▶ **TASK TO CARRY OUT**: From the listing below, give again exactly the lines from the line with "ทำตาสองชั้นแบบกรีดยาว พร้อมตัดไขมัน ตัดหนังตา" to the line with "OMRON HV-F02 Electronic", ends included, without any pictures.

▶ **MATERIAL SHOWN**:
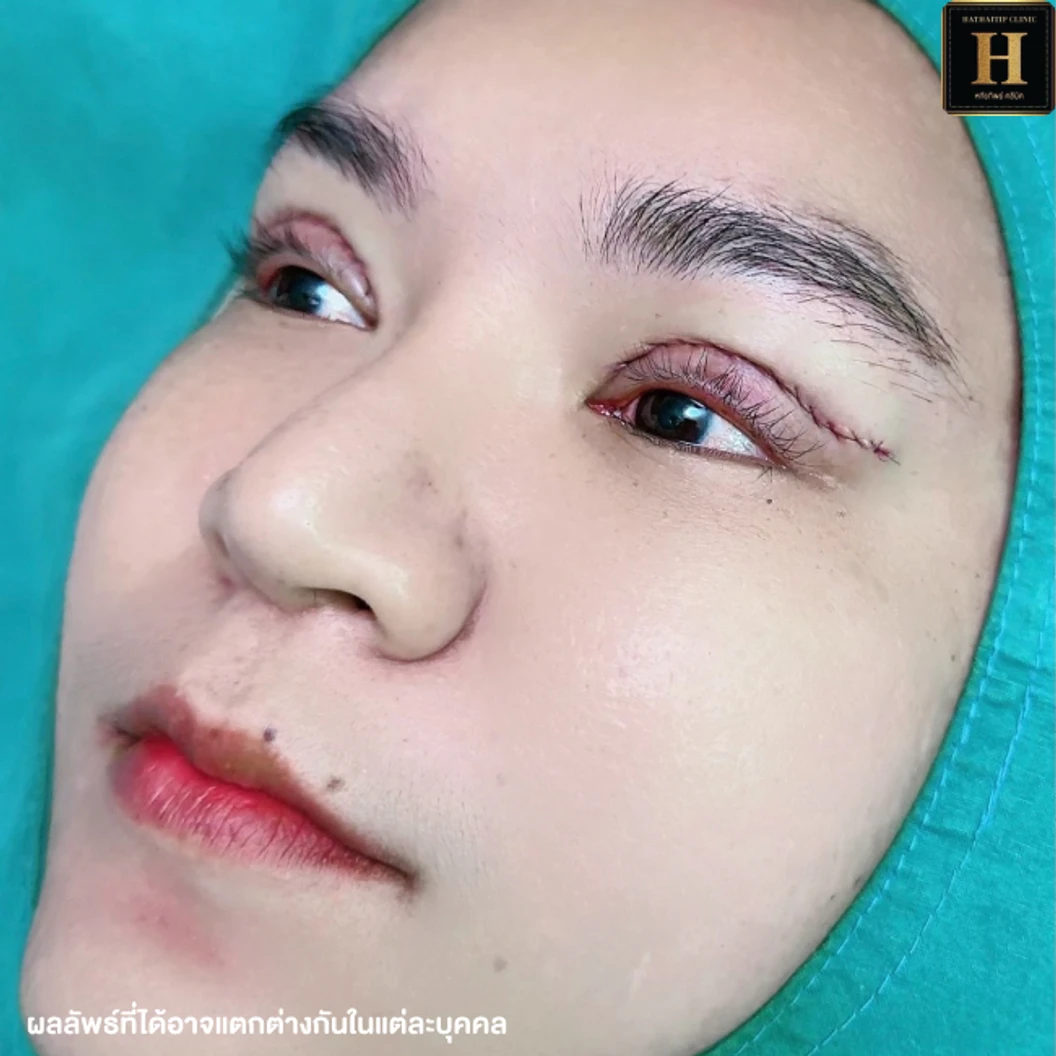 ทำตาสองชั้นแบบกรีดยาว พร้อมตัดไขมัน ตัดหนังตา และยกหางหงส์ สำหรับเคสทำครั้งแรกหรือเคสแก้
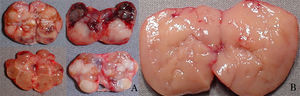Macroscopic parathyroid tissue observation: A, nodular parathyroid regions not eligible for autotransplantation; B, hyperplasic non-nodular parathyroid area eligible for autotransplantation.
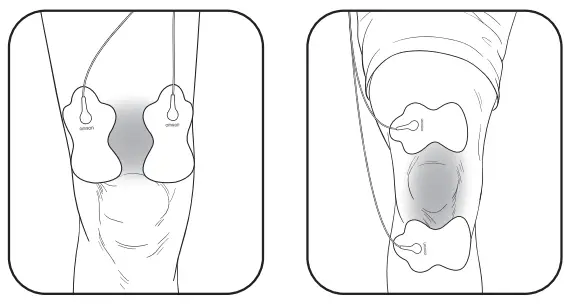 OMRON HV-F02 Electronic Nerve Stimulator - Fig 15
* * *
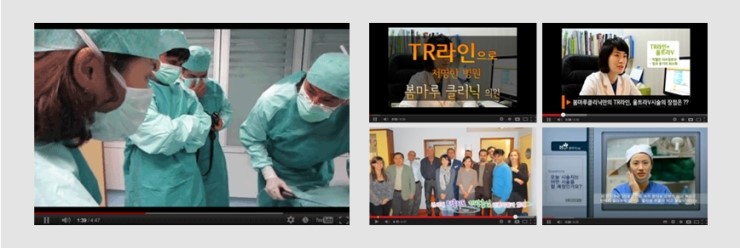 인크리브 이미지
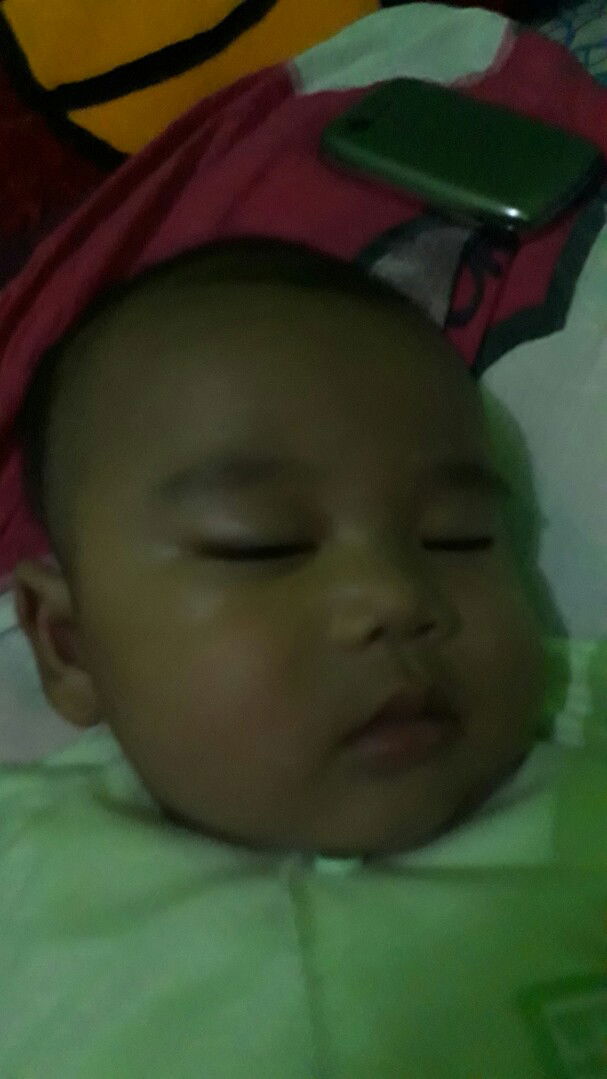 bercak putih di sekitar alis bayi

▶ **EXERCISE RESULT**:
 ทำตาสองชั้นแบบกรีดยาว พร้อมตัดไขมัน ตัดหนังตา และยกหางหงส์ สำหรับเคสทำครั้งแรกหรือเคสแก้
Macroscopic parathyroid tissue observation: A, nodular parathyroid regions not eligible for autotransplantation; B, hyperplasic non-nodular parathyroid area eligible for autotransplantation.
 OMRON HV-F02 Electronic Nerve Stimulator - Fig 15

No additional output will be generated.